Как станет ясно из последующих глав, своими экстраординарными достижениями наш вид обязан непревзойденному культурному потенциалу. Под культурой я подразумеваю широкомасштабное накопление коллективно используемых знаний, усваиваемых путем научения, и последовательное усовершенствование технологий{13}. Иногда успехи человечества пытаются объяснить наличием у нас выдающегося ума{14}, однако в действительности выдающимся он стал благодаря культуре{15}. Конечно, интеллект как таковой тоже важен, но кардинально отличает наш вид от других именно способность объединять догадки и знания отдельных людей и основывать на этом новые решения.
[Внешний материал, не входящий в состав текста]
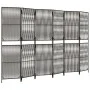 Gray synthetic rattan 6-panel screen by , Room dividers - Ref: Foro24-365386, Price: 159,01 €, Discount: %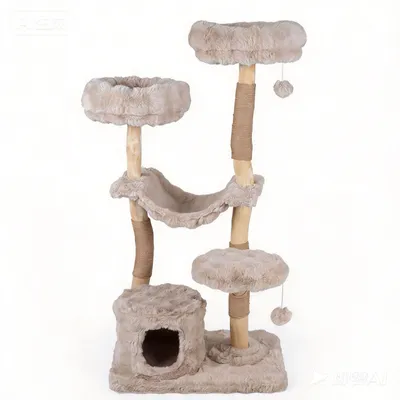 GIANTEX 147 cm Árbol Rascador para Gatos Multinivel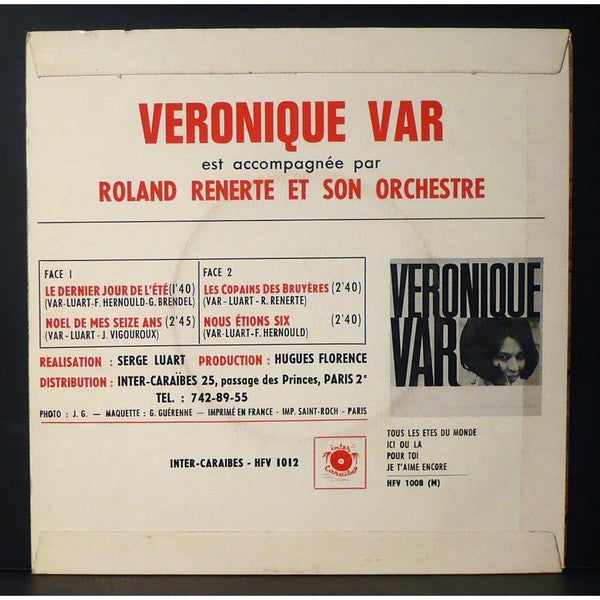 Véronique Var -Le Dernier Jour De L'Eté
Технический прогресс двигают вовсе не изобретатели-одиночки, бьющиеся над задачей в отрыве от всех остальных; практически все инновации – это переработка или усовершенствование уже существующих технологий{16}. Проверять этот тезис мы будем на простейших артефактах, поскольку невозможность в одиночку разработать такой сложный объект, как, допустим, космическая станция, сомнений не вызывает.
В качестве примера давайте возьмем канцелярскую скрепку. Если вы полагаете, что этот изогнутый особым образом кусок проволоки появился на свет благодаря какому-то одному творческому гению, ваше заблуждение вполне простительно, и все же вы невероятно далеки от истины{17}. Бумагу изобрели в I столетии в Китае, но только к Средним векам европейцы стали изготавливать и использовать ее в таких количествах, что понадобилось приспособление, позволяющее временно скрепить стопку бумажных листов. Поначалу для этого пытались применять булавки, но они ржавели и оставляли некрасивые дыры, а проколотые углы документов быстрее истрепывались. К середине XIX столетия в ходу были громоздкие зажимы (вроде тех, которые мы сегодня видим на планшетах) и небольшие металлические клипсы. За последующие десятилетия появилось множество самых разных форм, рожденных в ожесточенной конкурентной борьбе. Первый патент на скрепку из согнутой проволоки был выдан в 1867 г.{18} Однако с массовым производством дешевых скрепок пришлось подождать до конца XIX в., именно тогда были изобретены проволока нужной пластичности и машина, способная эту проволоку гнуть. Но форма канцелярской скрепки по-прежнему оставляла желать лучшего – среди предлагаемых был, например, прямоугольный контур, соединенный внахлест по одной из длинных сторон. Несколько десятилетий XX в. производители перебирали самые разные варианты, пока наконец не сошлись на всем нам сегодня знакомой и привычной конфигурации «двойной овал», известной как «Джем»[2]. На создание простейшего на первый взгляд предмета ушли столетия разработки, переработки и доработки{19}. Даже сегодня, несмотря на успех формы «Джем», по-прежнему предлагаются новые версии дизайна металлической скрепки и ширится выбор более дешевых пластиковых разновидностей, выпущенных за последние несколько десятилетий.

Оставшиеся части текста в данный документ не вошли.